ABOUT THIS TASK:
Respond with exact copies of the lines running from the line that contains "Oceanic Khorfakkan Resort" to the end of the material.

SOURCE MATERIAL:
- Opening Delimiter -
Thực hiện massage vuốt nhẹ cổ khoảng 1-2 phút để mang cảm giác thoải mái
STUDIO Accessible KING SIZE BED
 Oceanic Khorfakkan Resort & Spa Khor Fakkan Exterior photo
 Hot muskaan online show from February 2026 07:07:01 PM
- Closing Delimiter -
EXERCISE ANSWER:
 Oceanic Khorfakkan Resort & Spa Khor Fakkan Exterior photo
 Hot muskaan online show from February 2026 07:07:01 PM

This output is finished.